The Federal Bureau of Investigation has investigated over 100 cases of suspected Islamic extremists either in the U.S. military or closely associated with it.
About a dozen of the cases are considered “serious,” according to a report from National Public Radio — based on a closed House-Senate committee hearing in December. There is no indication as to whether the number has increased in the ensuing six months. This is the first time the number of cases has been publicly reported.
“Serious” cases include suspects who are planning attacks or are in touch with “dangerous individuals.”
Both the FBI and Department of Defense declined to comment to The Daily Caller about the investigations.
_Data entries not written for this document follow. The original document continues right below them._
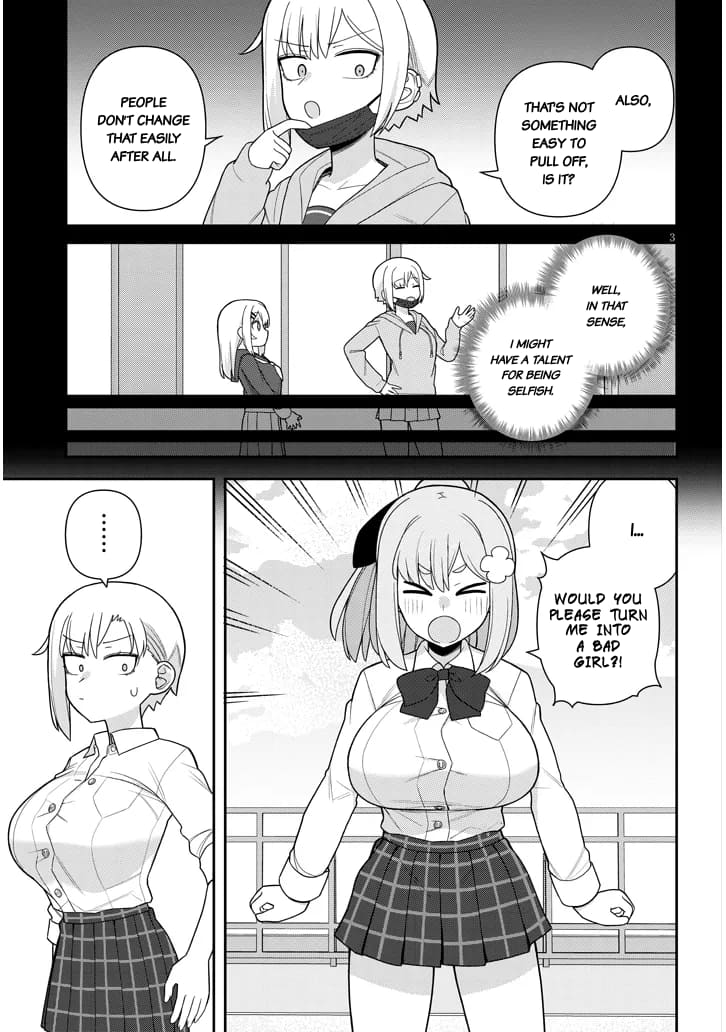 Page 4 of Chapter 16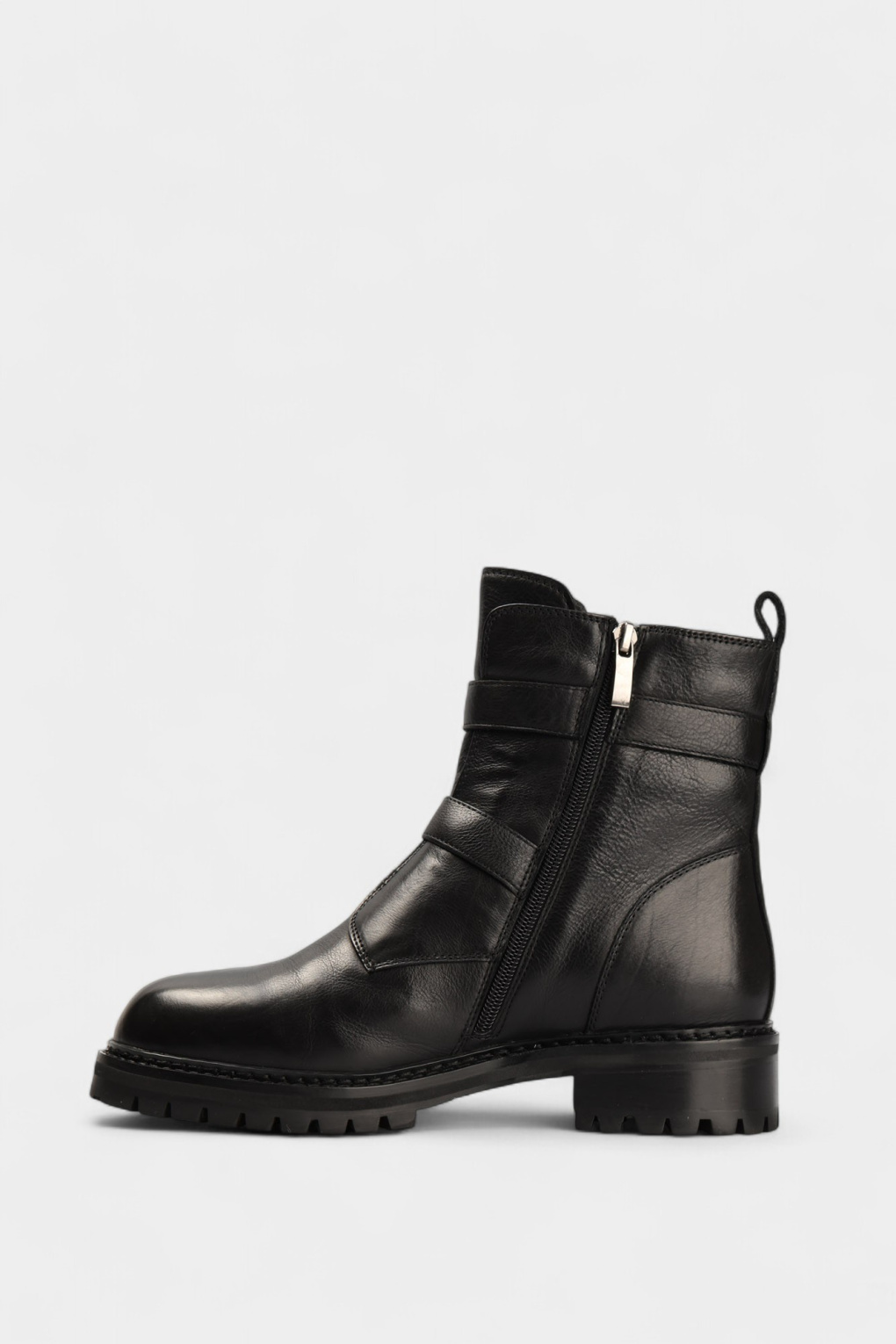 Ботинки Marc Cony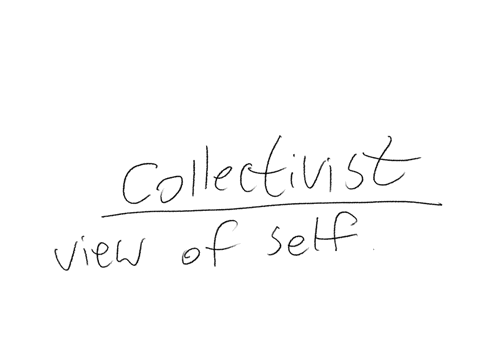 livten-jomel-cannot-be-happy-if-his-family-is-not-happy-jomei-has-an-qquad-view-of-self-individualistic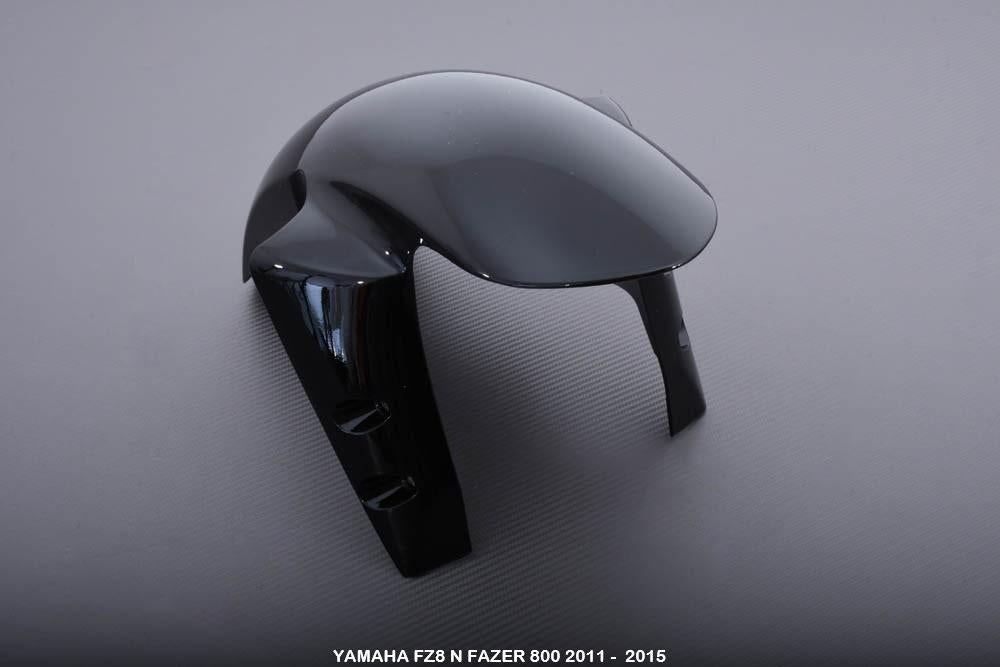 Garde-boue Avant AVDB pour YAMAHA FZ8 N FAZER 800 2011 2015, Motos, Enlèvement ou Envoi, Neuf
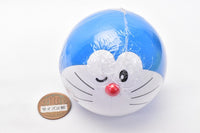 Capchara Doraemon Part.9 [2.Doraemon (wink)]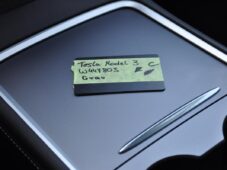 Tesla Model 3 Long Range AWD 75kWh - 38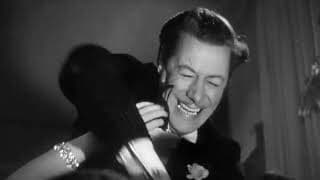 Unfaithfully Yours (1948) Trailer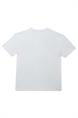 T-shirt meisjes | GIKS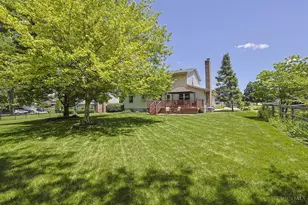 6559 Karincrest Dr, Liberty Township, OH 45044 - Photo 60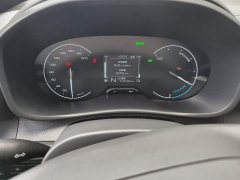 Wuling Hongguang New Energy Extended-Range Hybrid 50KM Comfort - ფოტო 14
Sources familiar with the investigation confirmed the case number to NPR. The threats reportedly include both active and reserve military personnel, individuals with access to military facilities and even family members of people with military dependent ID cards.
Since the 2009 Fort Hood massacre — in which a radicalized Army Major opened fire on base, killing 13 and injuring dozens more — the Pentagon and FBI have been on high alert to prevent similar attacks.
“I was surprised and struck by the numbers; they were larger than I expected,” Connecticut independent Sen. Joseph Lieberman, chairman of the Senate Committee on Homeland Security, said.
“I know one can say that as a percentage of the millions of people in active military service or working with contractors, the numbers you talk about are a small percentage of the total,” he added, “but the reality is it only took one man, Nidal Hasan, to kill 13 people at Fort Hood and injure a lot more.”
Lieberman would not confirm the numbers.
Hasan faces the death penalty. His trial begins August 20.